- Farzian Location within Iran
- Coordinates: 33°33′33″N 49°33′19″E﻿ / ﻿33.55917°N 49.55528°E
- Country: Iran
- Province: Lorestan
- County: Azna
- District: Japelaq
- Rural District: Japelaq-e Sharqi

Population (2016)
- • Total: 630
- Time zone: UTC+3:30 (IRST)

= Farzian =

Village in Lorestan province, Iran

Farzian (فرزيان) (Note: Also romanized as Farzeyān, Farzīān, and Farzīyan; also known as Fārisiyān and Fārsīān) is a village in Japelaq-e Sharqi Rural District of Japelaq District in Azna County, Lorestan province, Iran.

== History ==
The site now occupied by Farzian is believed to have been the site of the city of Gabai (گابایی). The fact that this city shared its name with another in Sogdia serves as evidence for the migration of Aryans into Iran from the Central Asians Plains.

From the 12th to the 16th centuries AD, the most significant site in the Japelaq region was Farzian Castle, a stronghold built by Al-Ajl which often served as a refuge for rebels.

Until the 1970s, Farzian was a popular destination for tourists on account of its beautiful pine groves, vineyards and gardens. However, these were destroyed in droughts following the construction of dams.

==Demographics==
===Language===
All Farzian residents speak the Luri language, and are Twelver Shiites.

===Population===
The 2006 National Census recorded a population of 1,025 people in 299 households, including 485 men and 540 women. Roughly 66% of the men and 57% of the women were literate. The following census in 2011 counted 872 people in 261 households. The 2016 census measured the population of the village as 630 people in 219 households.

== Geography ==
Farzian village is 0.7 by 0.5km, with an area of 0.35km. It is 32km northeast of the Oshtrankooh mountain range. The village is crossed by the dry beds of two former rivers - the Godara from northwest, and the Jopileh from southwest.
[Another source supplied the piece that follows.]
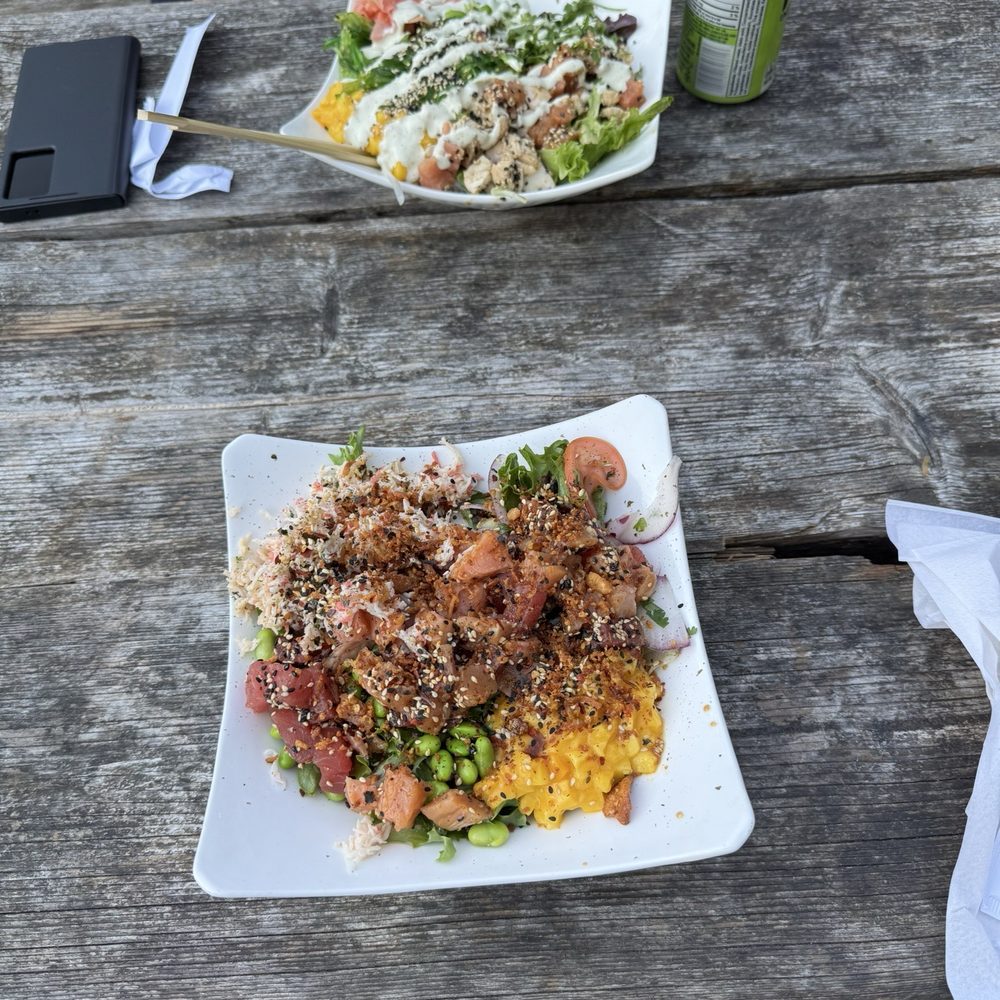 Yellowfin tuna and salmon poke bowl Yellowfin tuna and salmon poke bowl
Farzian has a cold mountainous climate. The average temperature in July (the hottest month of the year) is 25 degrees Celsius, in December (the coldest month of the year) is -3 degrees Celsius, in April it is 12 degrees Celsius and in October it is 15 degrees Celsius. The average annual temperature is 12 degrees Celsius and the annual rainfall is 456.2 mm.